(Prompt) Your task is to return the listing below word for word, without any of its images.

(Information supplied)

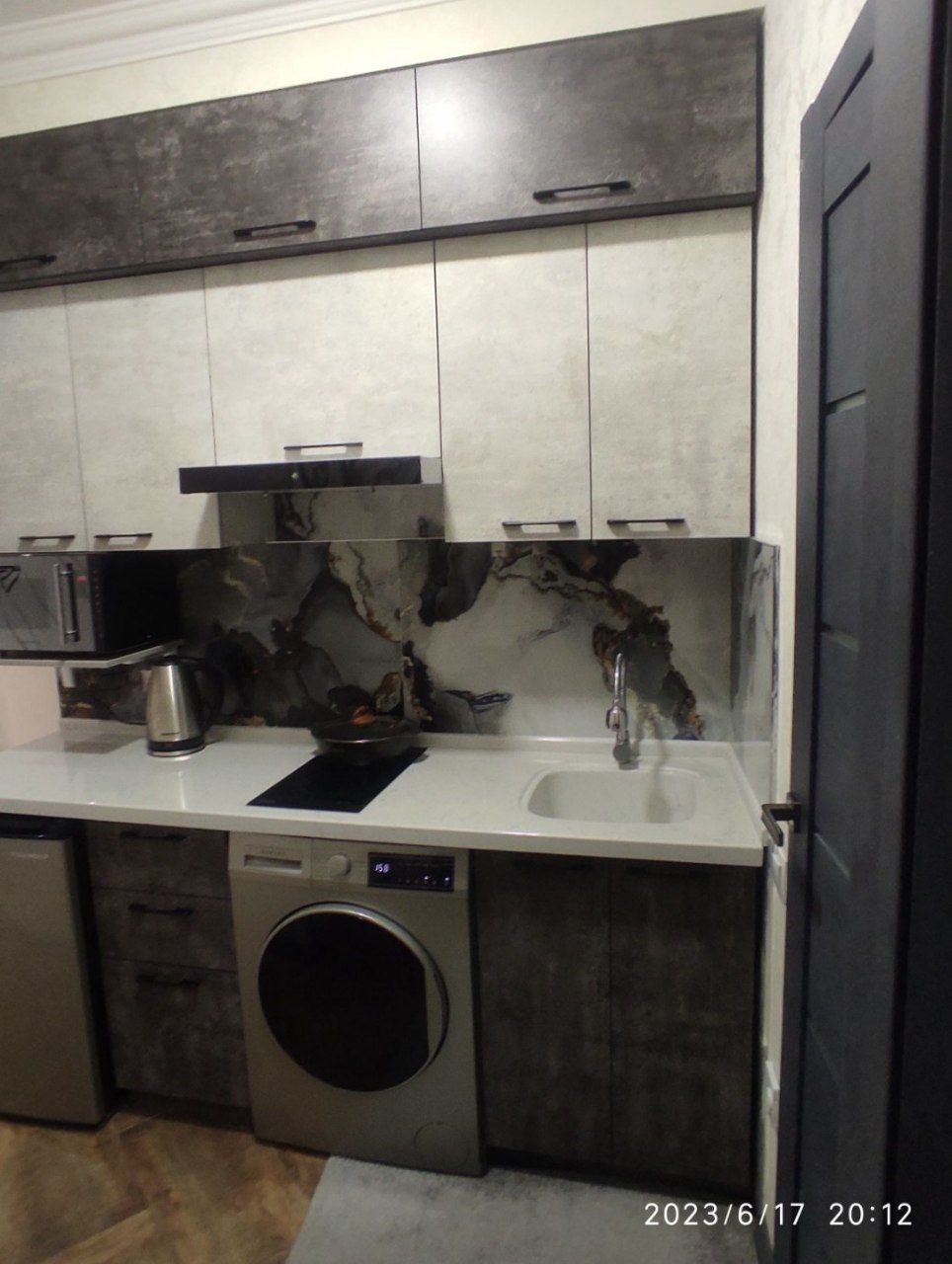 Сдаю 1 комнатная евро квартира со всеми удобствами рядом метро Туркист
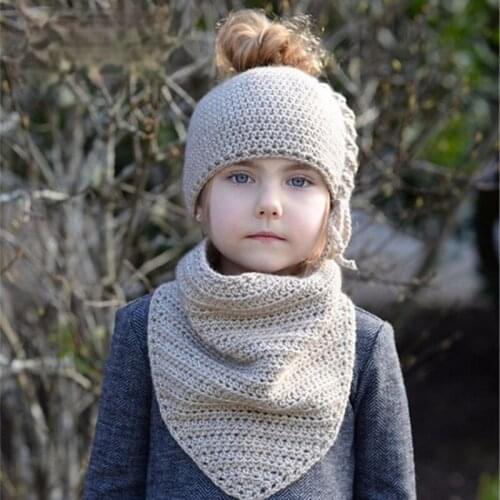 New Children 's Hat Autumn and Winter Fashion Warm Knitting Wool Cap Cute Girl 's Hat + Scarf Two Piece Bib Set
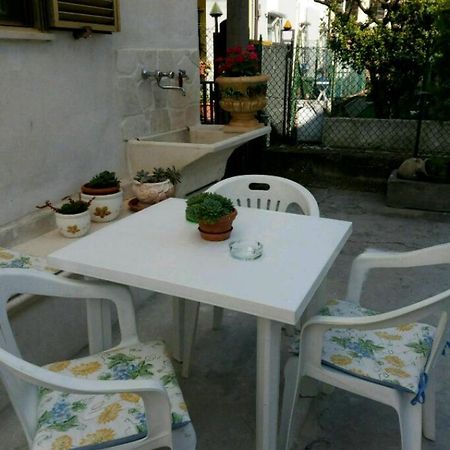 Bed and Breakfast Alfi Beb Le Torri Екстер'єр фото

(Response to this task)
 Сдаю 1 комнатная евро квартира со всеми удобствами рядом метро Туркист
 New Children 's Hat Autumn and Winter Fashion Warm Knitting Wool Cap Cute Girl 's Hat + Scarf Two Piece Bib Set
 Bed and Breakfast Alfi Beb Le Torri Екстер'єр фото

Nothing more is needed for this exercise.